As of Feb. 2020, Plenty of Fish had over 150 million registered users worldwide and is adding an average of 65,000 new users every day. The free app is available in 11 languages and more than 20 countries on iOS and Android devices. The company makes money via advertising as well as offering premium services as part of their upgraded membership. In 2015, Plenty of Fish was acquired by Match Group.
The Bottom Line
There are many companies that have been successfully bootstrapped: Braintree, TechSmith, Envato, AnswerLab, Litmus, iData, BigCommerce, Campaign Monitor, Indeed, Behance, Thrillist, Lead411, Office Divvy, Goldstar, Carbonmade, FastSpring, SparkFun Electronics, Grasshopper, Clicky, WooThemes, AppSumo, MailChimp, Burt’s Bees, Patagonia, and Craigslist are just a few.
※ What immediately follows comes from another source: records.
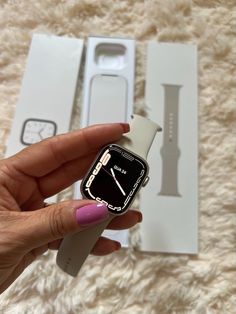 a hand holding an apple watch in front of a box with the case open and it's strap undone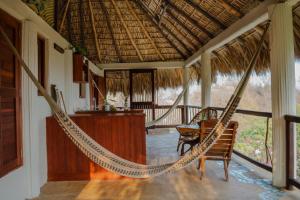 Columpio del Reptil cabaña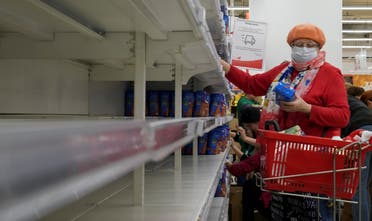 A woman, wearing a protective mask, holds a pack of buckwheat from a new delivery, next to empty shelves in a section for cereals and groats, in a supermarket in Moscow, Russia on March 19, 2020. (Reuters)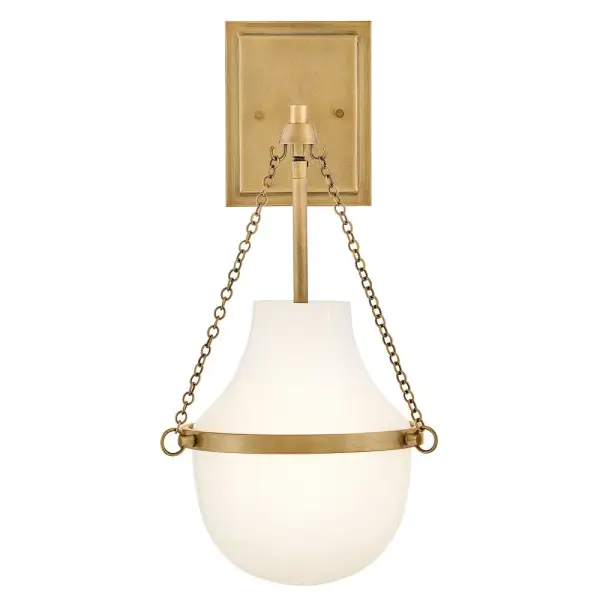 Fusing a sculpted, modern form with classically styled details, Collins features a transitional teardrop shade crafted from blown, Cased Opal glass. A central metal band and delicate chain uprights are available in Black Oxide, Heritage Brass, Heritage Bronze, or Polished Nickel finishes.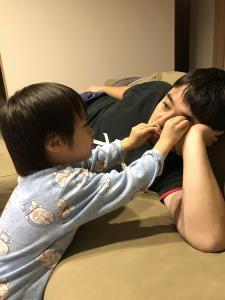 寝転がっているお父さんの顔を触って遊んでいる男の子の写真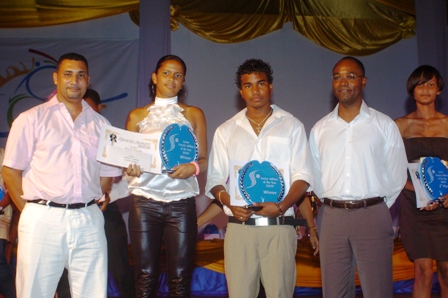 Young Female Athlete of the Year Camille (second left) and Young Male Athlete of the Year Mangroo (second right) pose with Cable & Wireless chief executive Hammond and Mr Dauban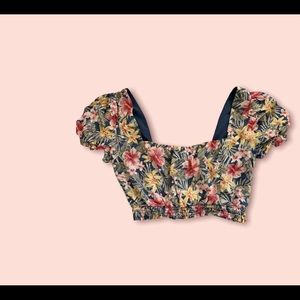 Hello cuties!  We have this beautiful forever 21 flowery top for sale.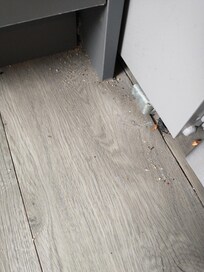 Kitchen floor next to the refrigerator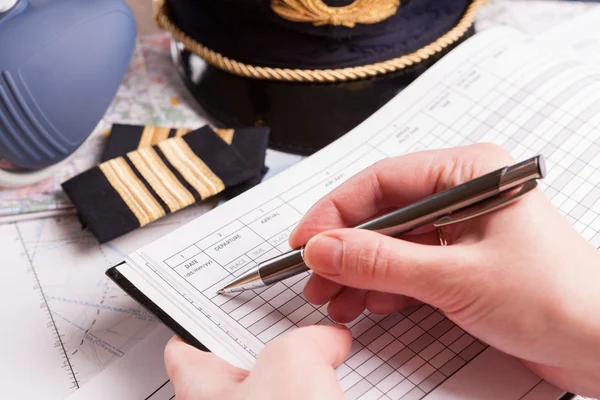 Airplane pilot filling in flight plan — Stock Photo, Image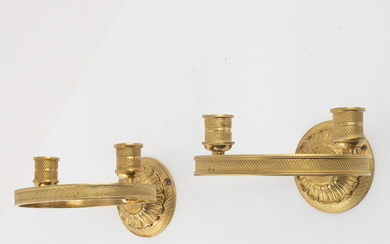 A pair of Empire-style gilt bronze two-light wall lights, 20th century.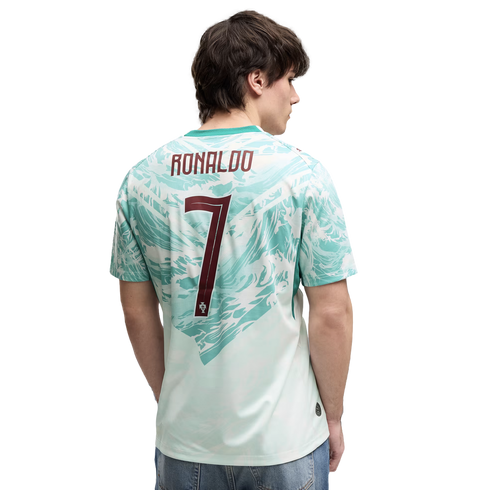 Back view of a man wearing a mint green and white patterned Portugal soccer jersey with "RONALDO" and the number "7" in maroon on the back.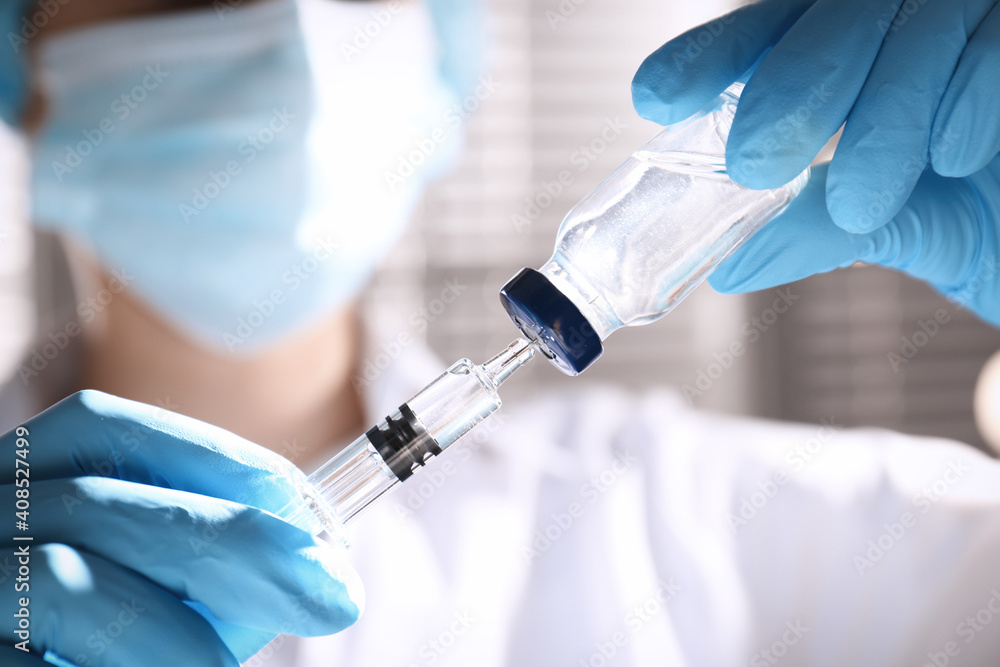 Woman filling syringe with vaccine from vial on blurred background, closeup Woman filling syringe with vaccine from vial on blurred background, closeup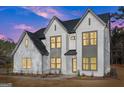 Charming two-story home featuring white brick and contrasting trim under a colorful sky at 3735 Tamiami Trl, Cumming, GA 30041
Bootstrapping companies, when seemingly doing the impossible, must constantly be looking for ways to improve their processes, even without hindsight or millions of dollars at hand. One area to take particular note of is the financial management of a growing company, as cash-flow surprises can be the-nail-in-the-coffin of a startup company. Sloppy practices and shortcuts will, at times, be disastrous.
When building a business from the bottom-up, it is always preferable to be prepared for anything, which is not impossible as seen by the number of successful bootstrapped companies surrounding us. Bootstrapping is likely to continue to be part of the history of many successful companies.